La nuit tomba sans qu'ils aient pu faire le moindre mouvement ni échanger la moindre parole, et la neige redoubla d'épaisseur. Le plus âgé d'entre eux, le chef du groupe, se permettait parfois de tourner légèrement la tête pour surveiller les quatre hommes restants. Et il s'immobilisait à nouveau pour de longues minutes, les yeux fixés sur le loup, la main sur la poignée de son épée. Le silence était presque total et seul le vent paraissait se mouvoir dans ce paysage spectral ; une branche craqua soudain dans le silence feutré et, dans un même mouvement, le loup et les elfes redressèrent la tête pour braquer leurs yeux vers la forêt. Rien de plus ne bougea, et chacun reprit sa position. Chacun, non : l'un des elfes, accroupi derrière un amas de roches, tomba soudain sur le dos, sans un cri, et il ne se redressa pas. Son plus proche compagnon bondit à découvert hors de sa cachette et courut vers lui, tandis que le loup se relevait brutalement et montrait les crocs en grondant ; et soudain la bête mourante sauta en avant et se mit à courir vers l'elfe qui se détachait clairement sur le fond blanc du rideau de neige.
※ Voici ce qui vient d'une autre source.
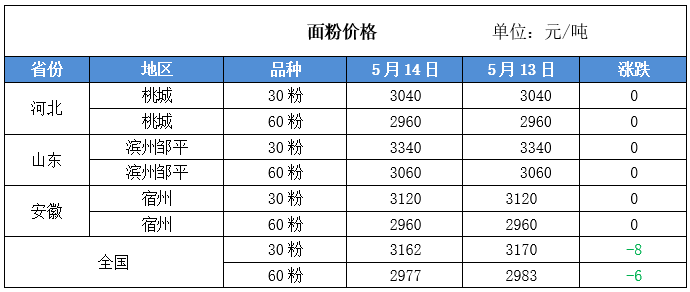 国内最新粮食价格走势分析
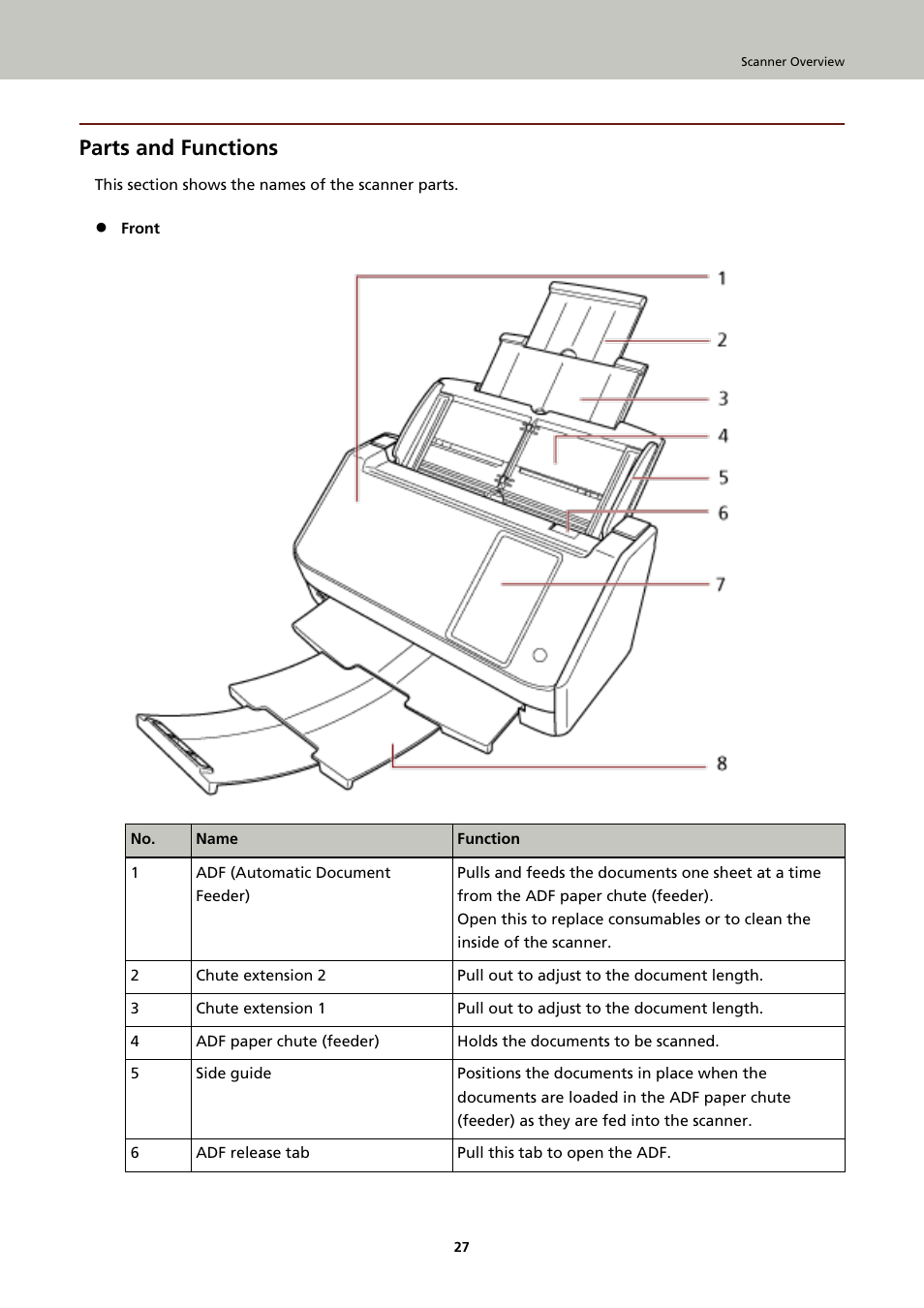 Parts and functions | Ricoh fi-8040 Desktop Scanner User Manual | Page 27 / 425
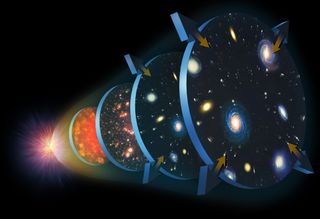 A model of the big bang showing a large explosion that produces the rest of the universe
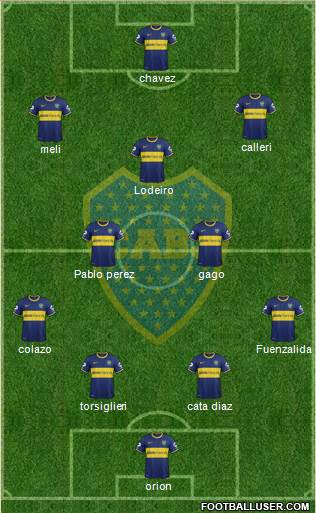 Boca Juniors Formation 2015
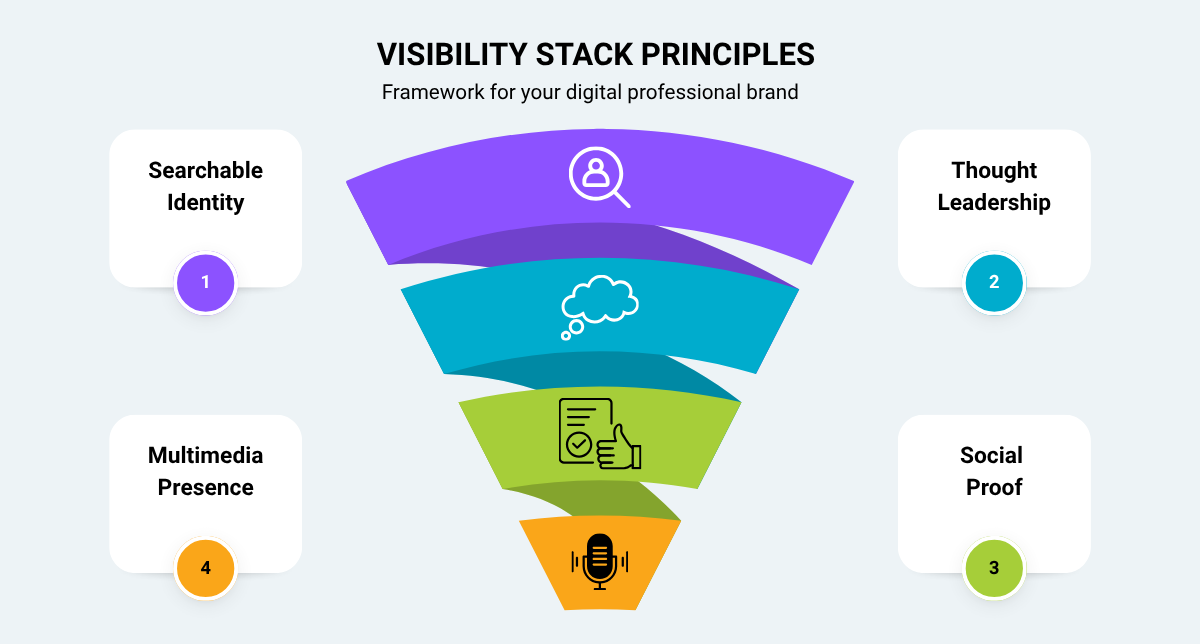 Graphic image of Visibility Stack Principles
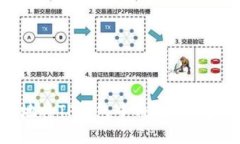 如何安全高效地将TP钱包中的数字资产转移至交易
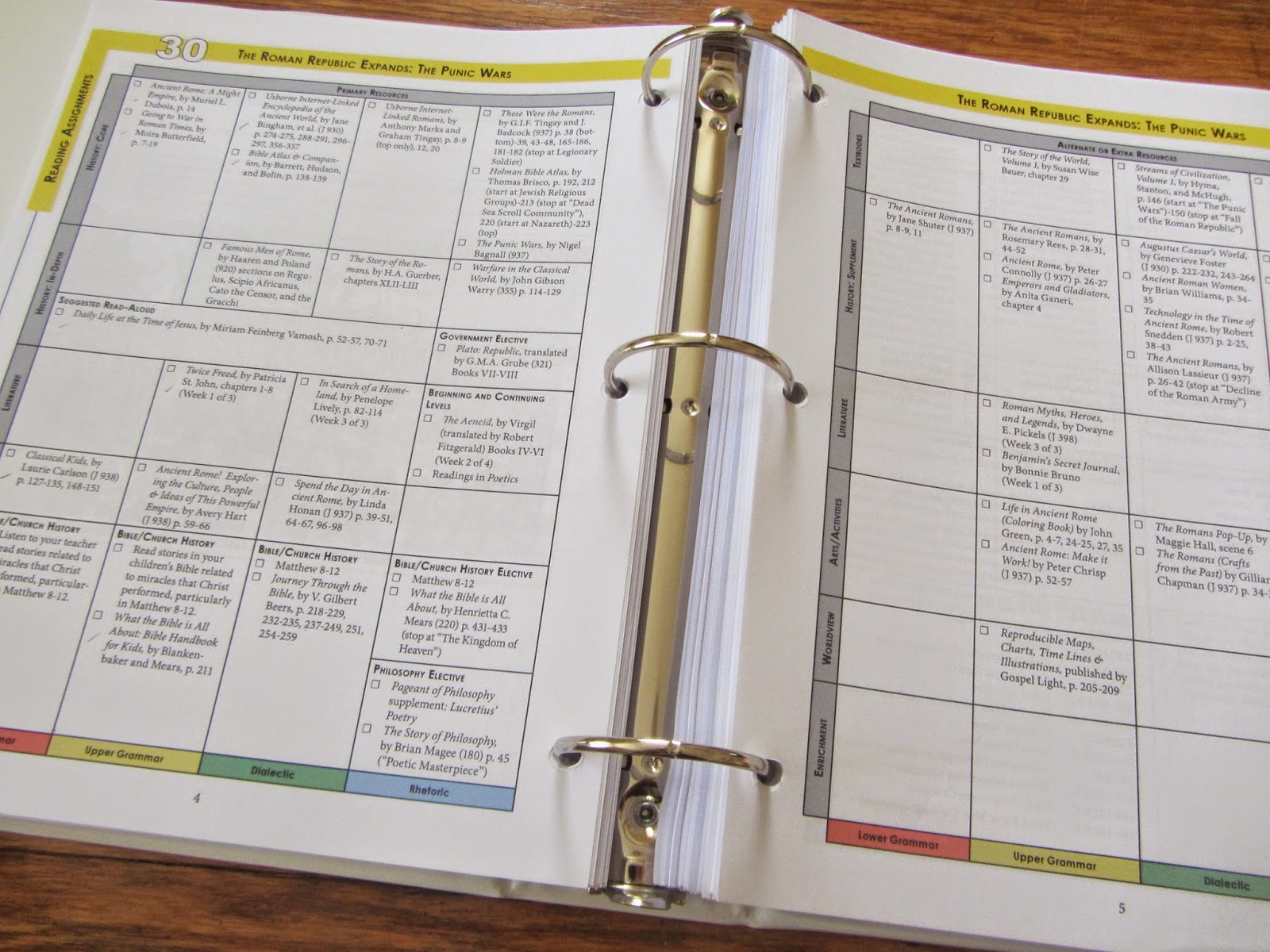 The Unlikely Homeschool Pros & Cons of Using Tapestry of Grace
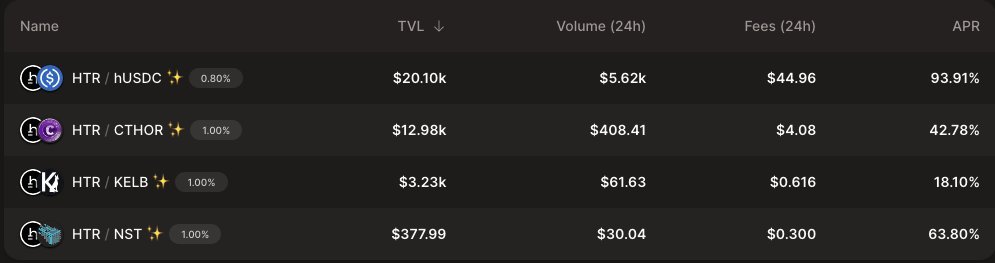 Launch day at <a href="/DozerProtocol/">Dozer.finance</a> 
Liquidity went from 0 to 30k,
Daily volume is growing, generating APRs of 93%,
10k $USDC bridged to Hathor.  

There is a Money glitch here for arbitrage, liquidity rewards that any #DeFi anon can enjoy. 
Hop in $HTR community ➡️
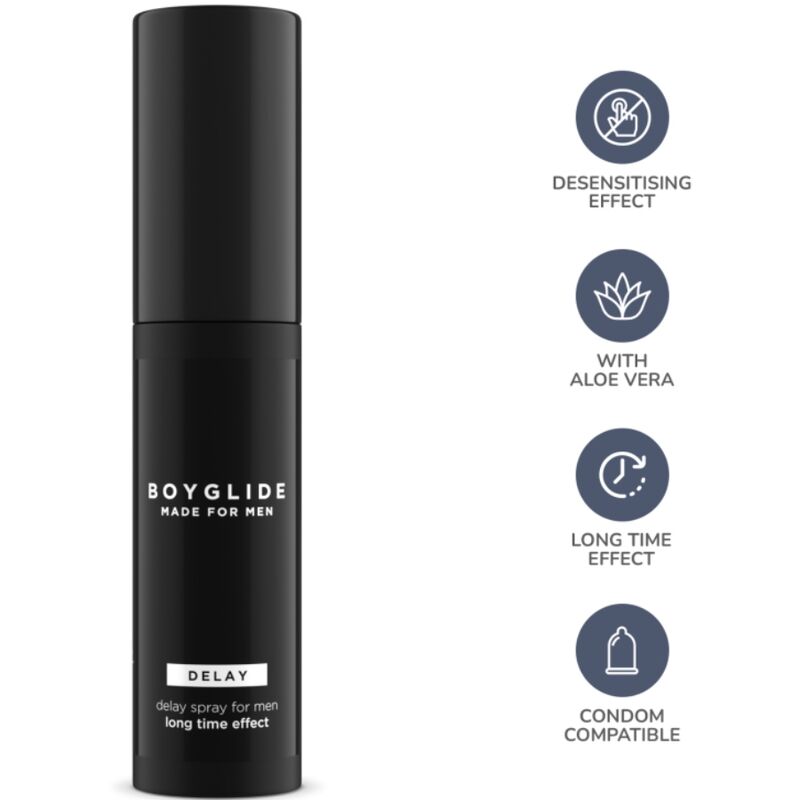 INTIMATELINE - BOYGLIDE SPRAY RETARDANTE EFECTO 20 ML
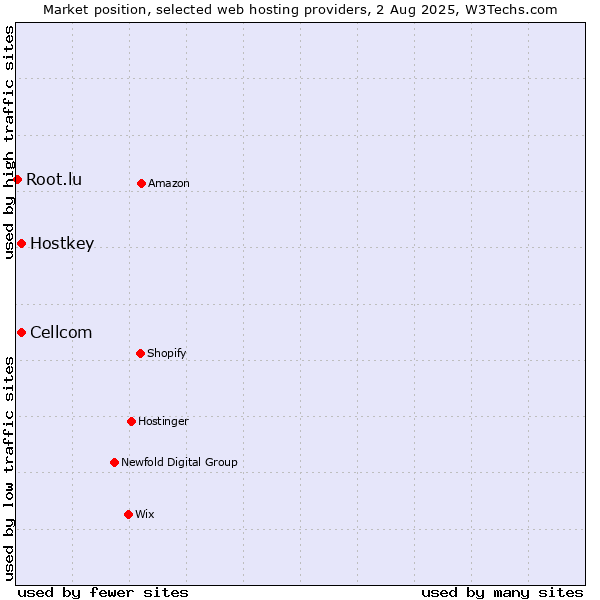 Market position of Cellcom vs. Hostkey vs. Root.lu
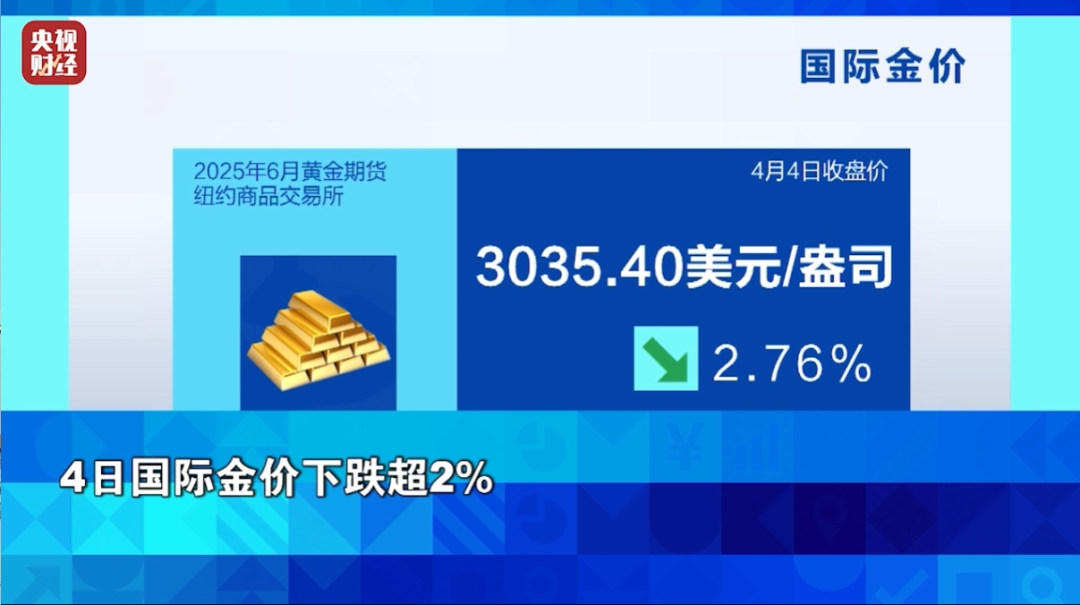 “金价连续跳水”冲上热搜第一！多个品牌金饰两天跌30元/克，机构称黄金行情难言结束  第2张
Il ne fallut qu'un très court instant pour que les trois autres gardes se relèvent à leur tour et se précipitent vers eux, épées au clair ; mais le loup était bien plus rapide et rattrapa l'elfe en quelques foulées : le garde hurla, les yeux fixés sur la gueule ouverte de l'animal enragé, et reçut de plein fouet le corps puissant de l'animal. Il fut projeté plusieurs mètres en arrière, les doigts accrochés à la fourrure du loup, et c'est ainsi qu'ils tombèrent dans une épaisse couche de neige où ils rebondirent. Les deux corps parurent un court instant être suspendus dans les airs, auréolés de gouttes de sang, et soudain ils disparurent à la vue des trois elfes qui se mirent à crier et redoublèrent de vitesse. L'un d'entre eux se ravisa et se détourna de sa course pour rejoindre son compagnon qui gisait toujours sur le dos dans la neige, mais les deux autres continuèrent et rejoignirent l'endroit où le sang tachait la neige. Ils s'approchèrent à pas prudents, l'épée toujours à la main. La neige semblait plus sombre quelques mètres en avant : il y avait là une crevasse ; ils s'y penchèrent.
Quelques mètres plus bas, le loup et l'elfe gisaient accrochés l'un à l'autre, le soldat allongé de tout son long sur le poitrail du loup qui semblait mort, les quatre pattes en l'air, la gueule béante. Les elfes appelèrent, les deux corps remuèrent. L'elfe redressa la tête, étourdi, et resta un instant tétanisé, les yeux fixés sur la tête du loup à quelques pouces de la sienne. L'animal gronda légèrement et bougea une oreille, les deux gardes plus haut crièrent, et l'elfe, reprenant ses esprits, se redressa précipitamment, à califourchon sur le loup ; et en un réflexe il tira sa dague et la planta dans la gorge de le l'animal à plusieurs reprises. La bête cessa de remuer, la tête retomba, langue pendante. Les deux gardes virent leur compagnon lâcher son poignard et se laisser tomber sur le dos à côté du corps du loup, haletant de frayeur. Il se releva à leurs appels, et avec leur aide parvint à remonter la petite crevasse. Ses compagnons l'aidèrent à marcher pour redescendre lentement les rochers rendus glissants par la neige.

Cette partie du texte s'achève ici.